Dataset excerpt -
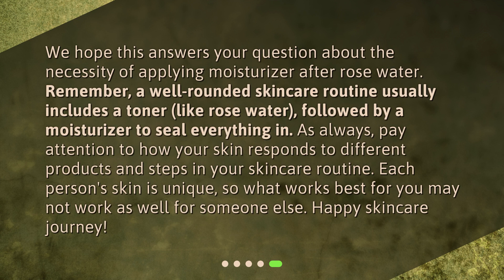We hope this answers your question about the necessity of applying moisturizer after rose water. Remember, a well-rounded skincare routine usually includes a toner, like rose water, followed by a moisturizer to seal everything in. As always, pay attention to how your skin responds to different products and steps in your skincare routine. Each person's skin is unique, so what works best for you may not work as well for someone else. Happy skincare journey!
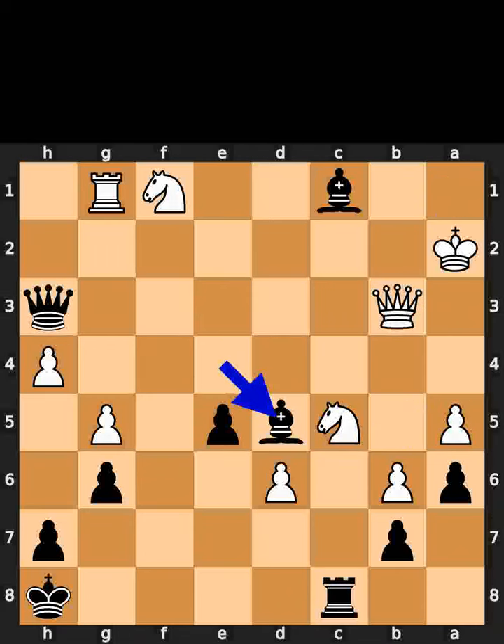Black plays bishop to d5. Black plays bishop to l3. White plays bishop to l3.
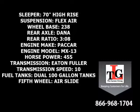Dana Spicer rear axles in a 3.08 ratio, a Paccar MX-13 455-horsepower engine with a factory engine brake, Eaton-Fuller 10-speed manual transmission, dual 100-gallon fuel tanks, and an air slide fifth wheel.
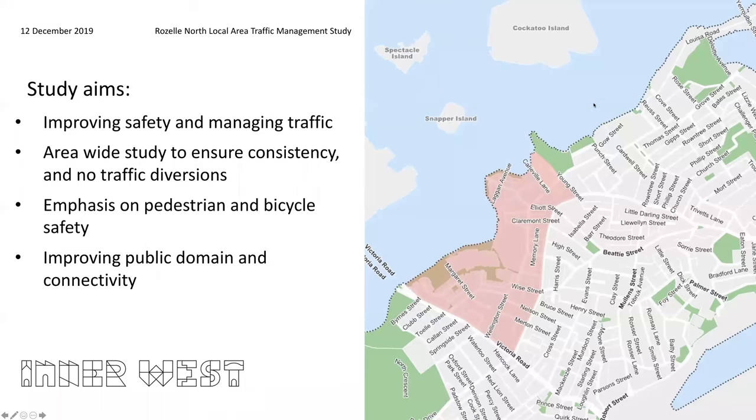The Roselle North study commenced early this year with the aim of improving road safety and managing traffic on local roads. The project has been undertaken as an area-wide study to ensure consistency, and no treatments are installed in isolation which may direct traffic onto adjacent streets.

Task directions -
Lines from the one holding "Black plays bishop to d5." to the end of the data, both ends included, are to be given again exactly; no pictures belong in the copy.

Solution to the problem -
Black plays bishop to d5. Black plays bishop to l3. White plays bishop to l3.
Dana Spicer rear axles in a 3.08 ratio, a Paccar MX-13 455-horsepower engine with a factory engine brake, Eaton-Fuller 10-speed manual transmission, dual 100-gallon fuel tanks, and an air slide fifth wheel.
The Roselle North study commenced early this year with the aim of improving road safety and managing traffic on local roads. The project has been undertaken as an area-wide study to ensure consistency, and no treatments are installed in isolation which may direct traffic onto adjacent streets.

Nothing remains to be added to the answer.